This is such a cool concept -- I backed it! I do not want to highjack the conversation, but I think it is worth mentioning, that this is kind of a "grinds my gears" [1, 2] moment when someone links to a summery, which borrows the video and images of a Kickstarter campaign, you are essentially diverting the campaigns traffic, why not just link to the campaign? This article was kind enough to at least link to it in the last paragraph. This summery is currently #1 on HN, which it likely driving tens of thousands of people to this suboptimal page [3, 4].
I really like what i've seen so far :)
But i do not understand why they are running a kickstarter and an indiegogo campaign at the same time for the same product with the same setup and rewards. Only the campaign duration is slightly different. Anyone got any ideas why this would make sense?
PS.: On indiegogo the early bird special is still available ...
Although, I feel like the indiegogo should have some sort of outreach to it as well. Like, "$25 gets you resin or a t-shirt and you (along with 5 other people) will sponsor a printer for a school" or something like that. Or perhaps focus on how the money from indiegogo will be used to make the software more accessible and easy to use for all people, not just those skilled in CAD.
EDIT: The indiegogo uses a fixed-funding model like kickstarter.
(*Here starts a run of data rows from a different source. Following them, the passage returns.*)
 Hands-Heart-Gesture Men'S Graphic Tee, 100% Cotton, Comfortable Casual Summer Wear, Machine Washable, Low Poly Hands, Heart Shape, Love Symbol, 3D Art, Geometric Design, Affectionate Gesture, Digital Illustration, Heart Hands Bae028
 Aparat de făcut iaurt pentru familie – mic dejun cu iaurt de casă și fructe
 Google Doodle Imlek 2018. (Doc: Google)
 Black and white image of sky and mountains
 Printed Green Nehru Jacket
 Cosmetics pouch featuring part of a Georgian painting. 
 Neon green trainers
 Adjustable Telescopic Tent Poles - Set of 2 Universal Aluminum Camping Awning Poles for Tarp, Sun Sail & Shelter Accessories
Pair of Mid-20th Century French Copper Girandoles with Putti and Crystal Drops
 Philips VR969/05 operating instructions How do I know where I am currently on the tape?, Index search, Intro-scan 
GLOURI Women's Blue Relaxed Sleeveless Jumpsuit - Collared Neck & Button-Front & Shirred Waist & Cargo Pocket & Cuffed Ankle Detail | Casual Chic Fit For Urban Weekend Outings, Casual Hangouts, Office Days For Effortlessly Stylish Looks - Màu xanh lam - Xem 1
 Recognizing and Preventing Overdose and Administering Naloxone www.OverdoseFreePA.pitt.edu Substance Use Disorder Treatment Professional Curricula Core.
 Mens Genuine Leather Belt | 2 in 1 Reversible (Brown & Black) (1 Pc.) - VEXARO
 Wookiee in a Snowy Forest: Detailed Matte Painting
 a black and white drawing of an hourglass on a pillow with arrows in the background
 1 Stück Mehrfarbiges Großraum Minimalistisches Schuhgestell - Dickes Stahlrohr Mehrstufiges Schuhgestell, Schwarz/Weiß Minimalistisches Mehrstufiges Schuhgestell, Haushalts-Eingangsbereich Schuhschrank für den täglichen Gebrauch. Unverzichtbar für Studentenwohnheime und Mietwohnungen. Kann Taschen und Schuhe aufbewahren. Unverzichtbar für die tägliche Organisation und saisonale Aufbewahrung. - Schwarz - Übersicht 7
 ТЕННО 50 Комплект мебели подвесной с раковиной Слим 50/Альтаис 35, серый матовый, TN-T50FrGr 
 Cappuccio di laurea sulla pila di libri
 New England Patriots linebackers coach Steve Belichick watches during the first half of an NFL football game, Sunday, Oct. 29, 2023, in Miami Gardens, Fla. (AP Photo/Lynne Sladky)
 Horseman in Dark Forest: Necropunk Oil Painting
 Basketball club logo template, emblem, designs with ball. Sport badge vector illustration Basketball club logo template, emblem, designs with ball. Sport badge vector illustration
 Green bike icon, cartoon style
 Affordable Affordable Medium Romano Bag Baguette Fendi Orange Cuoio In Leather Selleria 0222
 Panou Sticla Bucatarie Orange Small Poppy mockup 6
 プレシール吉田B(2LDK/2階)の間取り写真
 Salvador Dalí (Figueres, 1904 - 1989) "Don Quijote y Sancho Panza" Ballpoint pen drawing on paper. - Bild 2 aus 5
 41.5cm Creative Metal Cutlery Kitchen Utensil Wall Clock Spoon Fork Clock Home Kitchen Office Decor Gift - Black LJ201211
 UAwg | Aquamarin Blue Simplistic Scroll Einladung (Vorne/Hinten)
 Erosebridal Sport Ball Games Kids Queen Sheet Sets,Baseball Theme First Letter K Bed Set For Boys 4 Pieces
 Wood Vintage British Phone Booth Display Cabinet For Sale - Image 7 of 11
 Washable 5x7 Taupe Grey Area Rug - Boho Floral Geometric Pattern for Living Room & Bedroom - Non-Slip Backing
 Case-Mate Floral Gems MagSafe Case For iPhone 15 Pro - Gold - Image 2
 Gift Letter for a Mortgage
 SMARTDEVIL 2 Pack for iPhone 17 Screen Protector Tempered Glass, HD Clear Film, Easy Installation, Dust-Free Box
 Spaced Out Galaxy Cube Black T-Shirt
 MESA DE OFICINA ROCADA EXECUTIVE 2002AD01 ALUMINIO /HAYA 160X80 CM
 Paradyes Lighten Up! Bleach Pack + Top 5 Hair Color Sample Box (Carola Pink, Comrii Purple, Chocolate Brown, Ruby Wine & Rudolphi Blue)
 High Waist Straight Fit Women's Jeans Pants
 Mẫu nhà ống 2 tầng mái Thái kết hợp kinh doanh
I wasn't aware that projects could do that there.
Aside from the lower price of the remaining early bird specials, is there any reason to fund it through indiegogo instead of kickstarter?
This is refreshing, it's simple, clever. A true hack in the best meaning of the word.
The reason is that it is actually a novel approach that I can see is in its very infancy...and it's clever as hell. The reality of 3D printers is that at this stage of their development, they aren't useful for a lot of people; at least not useful enough to make them a cost-effective purchase.
This, however, begins to make it seem a reasonable purchase for a wide variety of people. Any hobbyist or artist that builds things would find this an awesome tool for taking their ideas to the next level. Table top gamers can make their own models. People who work on electronics can make their own boxes and internal parts. The possibilities are pretty broad. They've always been broad...but the printer options have always been expensive, or required you to build it yourself.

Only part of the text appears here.